Some view the race as a simple power grab by a kingmaker who may never have another chance to become king, party and public be damned. Perhaps so, but it is also true that the two contenders have pretty clearly defined opinions on the future direction of the DPJ government, whose term of office is still has three years to run.
Ozawa argues that the party went astray by abandoning or modifying most of its campaign promises, incorporated in the election manifesto (platform) of last year such as full funding for child care. That's why it lost the election to the House of Councillors last July, he argues. He promises to put the emphasis on the manifesto's proposals, while delaying any debate on increasing taxes to pay for them.
Kan, for his part, has made it clear that he intends to revise many of the party's proposals involving social spending that are difficult to fulfill given the national financial realities. He wants to initiate a debate on raising the consumption (sales) tax, now set at 5 percent, to 10 percent.
Ozawa has a point. After getting off to a pretty good start, the new government soon went astray by concentrating on extraneous issues. The key issue for former premier Hatoyama was a promise, one that he failed to keep, to reopen and revise the agreement with Washington to realign American forces on Okinawa.
This was the political equivalent of an own goal. Japan and the US had studied the issue for 15 years before an agreement was reached. With good reason, Washington considered it a done deal. It was mentioned only in passing during the election. Why Hatoyama reopened this issue, raised hopes on the southern island only to have them dashed, is inexplicable.
After he resigned and turned the reins of government over to Kan, the new prime minister hastily brought up the notion of raising the consumption tax from 5 to possibly 10 percent, another issue that was never debated in the 2009 election. Why anyone would propose such a thing with a national election just weeks away was almost equally unexplainable in pure political terms.
It's not to say these are not important issues. With more than half of the national budget covered by borrowing, the issue of fiscal responsibility is pressing. For his part, Hatoyama might be praised for trying to find a better solution to the bases question to assuage Okinawan concerns. But in politics one doesn't get many points for trying, and both issues were handled very clumsily.
If it is a mystery why Hatoyama let himself to be side tracked by the Futenma Marine air base issue, it is equally mystifying why Kan was seduced so easily by the clarion call of fiscal responsibility. After all, there is not much in this politician's long background, starting as a social activist, that points to this new-born concern about fiscal conservatism.
It should be remembered, though, that Kan moved directly to the top job after serving as Minister of Finance, and it is probable that he came under strong influence of the finance ministry mandarins and their concerns. It was also a time when the meltdown of the Greek economy was fresh in people's minds..
Kan came to his new role with direct and immediate experience in running an important government department. Despite his long career in politics, Ozawa actually has very little administrative experience outside of internal party administration. He hasn't held a cabinet post for 25 years, when he was Minister of Home Affairs under Yasuhiro Nakasone. You could say Ozawa knows everything about electioneering but little about governing
Ozawa is a brilliant political technician, a maker and breaker of political parties. More than any one individual, he was responsible for the DPJ's historic win and he still commands loyalty among many of the freshmen Diet members whom he personally recruited. That's why he and Kan are basically running neck-and-neck in the party poll, at least among Diet members.

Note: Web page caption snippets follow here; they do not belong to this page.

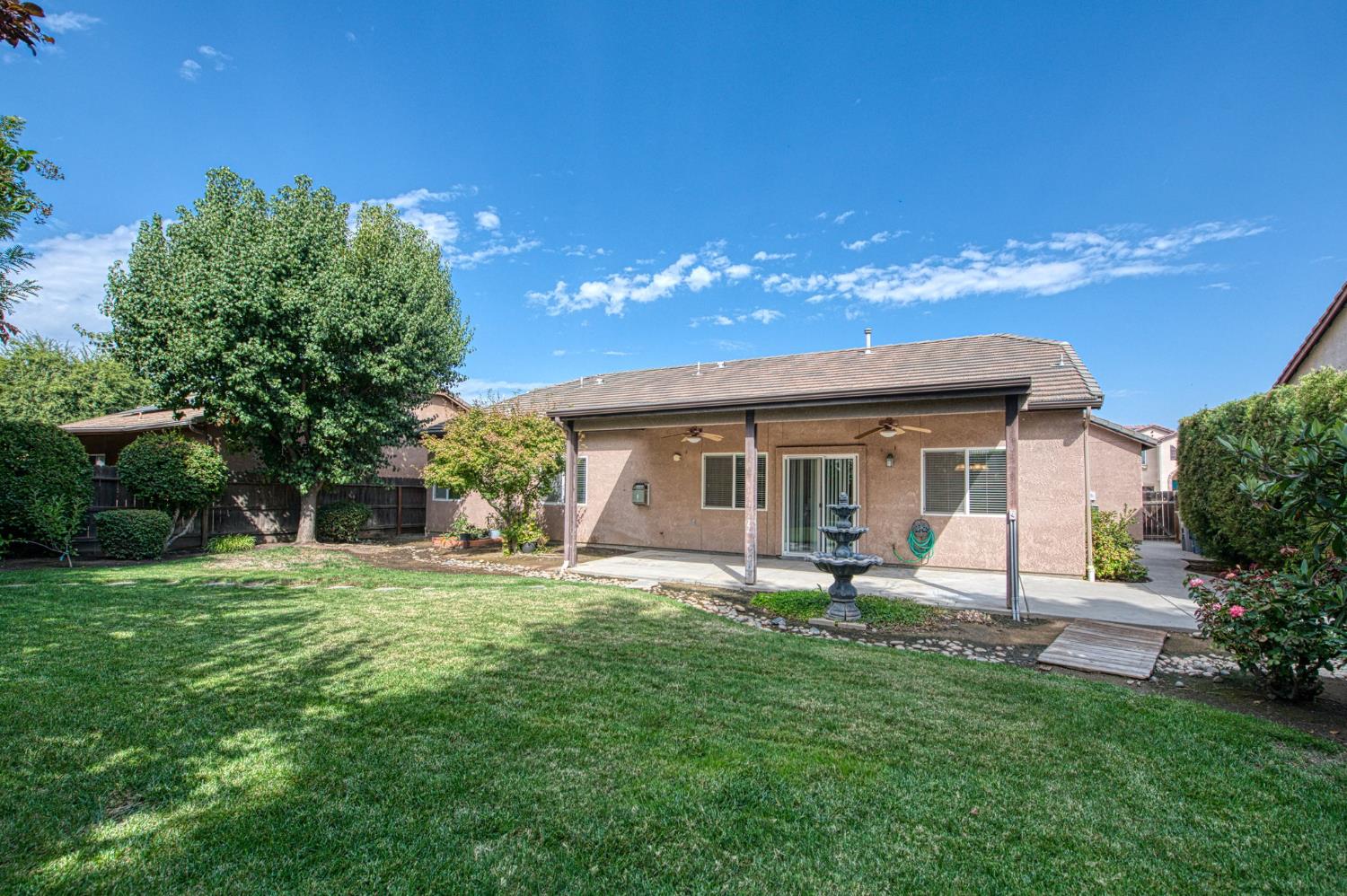 3040 Holland Ave, Clovis, CA 93619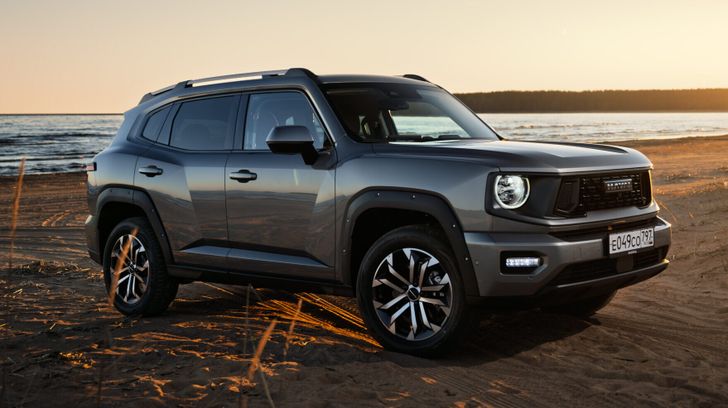 В России начались продажи нового семейного Haval российской сборки. Сколько он стоит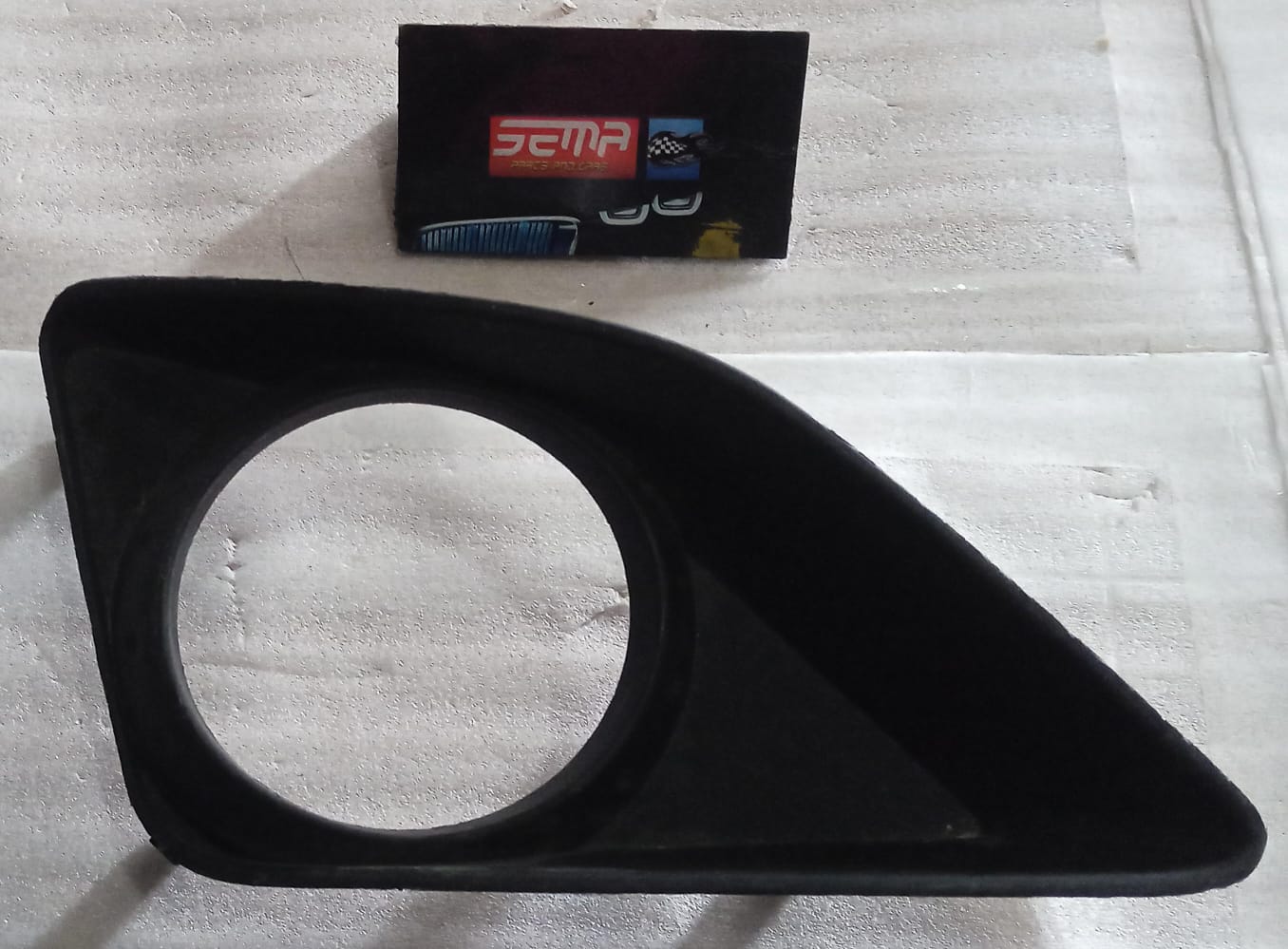 REJILLA FARO DE NIEBLA DERECHO TOYOTA COROLLA 2009-2010 5983167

To the public at large, however, opinion is much less closely divided. Various opinion polls suggest that 70-80 percent of the public oppose Ozawa's challenge and his becoming the third prime minister of Japan inside one year. He is still seen mainly as a politician of the old school, a man who learned his politics at the knee of Mr Money Politics himself, Kakuei Tanaka.
Whoever wins the election may not feel it is such a great prize. He will face serious realities: a sputtering economy, a currency that is climbing through the roof, a divided Diet as a result of last July's election to the upper house of Japan's bicameral parliament. The winner is going to need all of the healing and uniting powers he can muster.